Columnists
Entrench emergency preparedness to protect critical economic infrastructure
Friday September 01 2023
I recall in 1976 when President Idi Amin of Uganda threatened to annex parts of Kenya up to Naivasha, vowing that he could send his jet fighters all the way to Mombasa.
President Jomo Kenyatta immediately put Kenya on high-security alert and specifically ordered a round-the-clock police guard for the Mombasa refinery.
At the time, the refinery was the most critical energy infrastructure as all petroleum products were sourced from crude oil refining at the plant. The refinery has remained protected by police to date.
Currently, I judge electricity supply systems, ICT money systems, KPC pipeline, and Mombasa port to be the highest impact economic infrastructure.
As the power outage last week demonstrated, a prolonged outage of any of this infrastructure would greatly interrupt the entire national economy.
My second-tier grouping of critical infrastructure includes municipal water supply, international airports, main road arteries, and railways.
With the exception of ICT systems, all the above infrastructure is owned and managed by government institutions.
Each one of these institutions should undertake a situational risk analysis to determine and prepare to respond to potential causes of prolonged service outages, which will invariably include insecurity incidents, acts of nature, vandalism, internal sabotage, and above all significant equipment and systems failure.
Ignored periodic inspections and preventive maintenance are the main causes of equipment and systems failure, a common and serious management lapse often blamed on inadequate budgets, procurement procedures, compromised equipment standards, and personnel issues.

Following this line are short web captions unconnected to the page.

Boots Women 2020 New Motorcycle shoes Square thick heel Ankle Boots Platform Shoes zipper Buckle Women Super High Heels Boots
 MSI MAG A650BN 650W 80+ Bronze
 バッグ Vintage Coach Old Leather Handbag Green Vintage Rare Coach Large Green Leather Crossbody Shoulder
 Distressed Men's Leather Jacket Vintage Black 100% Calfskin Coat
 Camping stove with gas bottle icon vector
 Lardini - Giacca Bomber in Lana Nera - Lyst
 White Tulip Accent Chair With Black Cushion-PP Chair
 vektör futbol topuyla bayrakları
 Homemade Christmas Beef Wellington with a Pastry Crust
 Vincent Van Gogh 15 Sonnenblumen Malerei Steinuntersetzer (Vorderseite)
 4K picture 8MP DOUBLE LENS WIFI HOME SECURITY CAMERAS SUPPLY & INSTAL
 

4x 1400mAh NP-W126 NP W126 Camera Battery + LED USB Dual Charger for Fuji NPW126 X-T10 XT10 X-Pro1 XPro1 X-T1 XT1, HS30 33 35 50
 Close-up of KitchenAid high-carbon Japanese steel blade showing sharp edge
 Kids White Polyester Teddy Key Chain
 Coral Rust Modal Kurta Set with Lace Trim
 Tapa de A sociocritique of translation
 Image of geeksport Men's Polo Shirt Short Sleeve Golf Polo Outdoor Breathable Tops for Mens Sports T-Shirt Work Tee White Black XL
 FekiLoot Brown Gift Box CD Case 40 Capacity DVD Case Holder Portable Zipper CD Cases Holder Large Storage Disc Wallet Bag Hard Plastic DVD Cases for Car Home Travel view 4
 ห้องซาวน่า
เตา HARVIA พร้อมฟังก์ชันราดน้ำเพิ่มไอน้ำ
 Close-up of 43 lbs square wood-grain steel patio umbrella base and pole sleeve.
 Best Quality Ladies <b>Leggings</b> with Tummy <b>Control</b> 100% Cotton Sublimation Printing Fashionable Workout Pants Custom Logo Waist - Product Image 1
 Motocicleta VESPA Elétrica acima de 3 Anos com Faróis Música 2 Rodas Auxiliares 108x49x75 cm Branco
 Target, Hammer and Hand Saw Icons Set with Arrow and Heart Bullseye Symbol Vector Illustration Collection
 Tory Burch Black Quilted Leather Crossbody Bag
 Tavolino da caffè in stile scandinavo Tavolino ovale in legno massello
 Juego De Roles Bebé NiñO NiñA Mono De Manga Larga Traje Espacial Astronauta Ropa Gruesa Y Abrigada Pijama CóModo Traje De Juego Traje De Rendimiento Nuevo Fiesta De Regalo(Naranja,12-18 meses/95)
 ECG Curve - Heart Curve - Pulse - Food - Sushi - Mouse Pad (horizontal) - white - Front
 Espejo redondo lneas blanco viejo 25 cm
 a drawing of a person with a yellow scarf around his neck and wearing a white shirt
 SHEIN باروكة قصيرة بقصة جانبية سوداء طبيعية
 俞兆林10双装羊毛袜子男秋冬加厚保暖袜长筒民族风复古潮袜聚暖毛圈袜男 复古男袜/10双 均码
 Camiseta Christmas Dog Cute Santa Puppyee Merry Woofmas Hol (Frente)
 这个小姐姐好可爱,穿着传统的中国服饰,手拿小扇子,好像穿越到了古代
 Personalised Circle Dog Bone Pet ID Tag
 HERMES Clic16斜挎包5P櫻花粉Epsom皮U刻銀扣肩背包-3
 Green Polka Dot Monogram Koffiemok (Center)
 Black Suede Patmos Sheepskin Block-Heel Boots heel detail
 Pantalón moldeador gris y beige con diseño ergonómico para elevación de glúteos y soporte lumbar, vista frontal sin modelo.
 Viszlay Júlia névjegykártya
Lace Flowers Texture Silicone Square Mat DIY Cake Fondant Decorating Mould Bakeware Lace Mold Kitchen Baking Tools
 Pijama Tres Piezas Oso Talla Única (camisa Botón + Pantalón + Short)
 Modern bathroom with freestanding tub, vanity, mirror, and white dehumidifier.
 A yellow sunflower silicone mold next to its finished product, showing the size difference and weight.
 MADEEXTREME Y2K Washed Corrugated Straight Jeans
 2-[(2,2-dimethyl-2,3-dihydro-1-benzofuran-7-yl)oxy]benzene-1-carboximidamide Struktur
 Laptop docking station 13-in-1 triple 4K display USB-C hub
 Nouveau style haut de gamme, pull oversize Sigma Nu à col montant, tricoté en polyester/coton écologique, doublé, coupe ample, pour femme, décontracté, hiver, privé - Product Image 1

For its significant impact on the national economy, emergency response preparedness evaluation for critical infrastructure should indeed be a cabinet-level initiative cascaded through performance contracting to line Cabinet Secretaries, boards and management of critical infrastructure institutions.
An institutional culture of emergency preparedness and response at all levels should be a mandatory checklist requirement.
For a start, the power outage incident last week should be analysed for lessons learned to advise long-term solutions in critical infrastructure institutions.
We need to reassure our investors, businesses and transit neighbours of uninterrupted and secure services, especially in areas of logistics and energy services. Investors usually undertake their own risks and threats assessment prior to committing capital.
It should be remembered that the key reason Uganda opted out of the LAPSSET corridor routing for their crude oil exports was the absence of a security guarantee along that corridor, an issue which is still outstanding.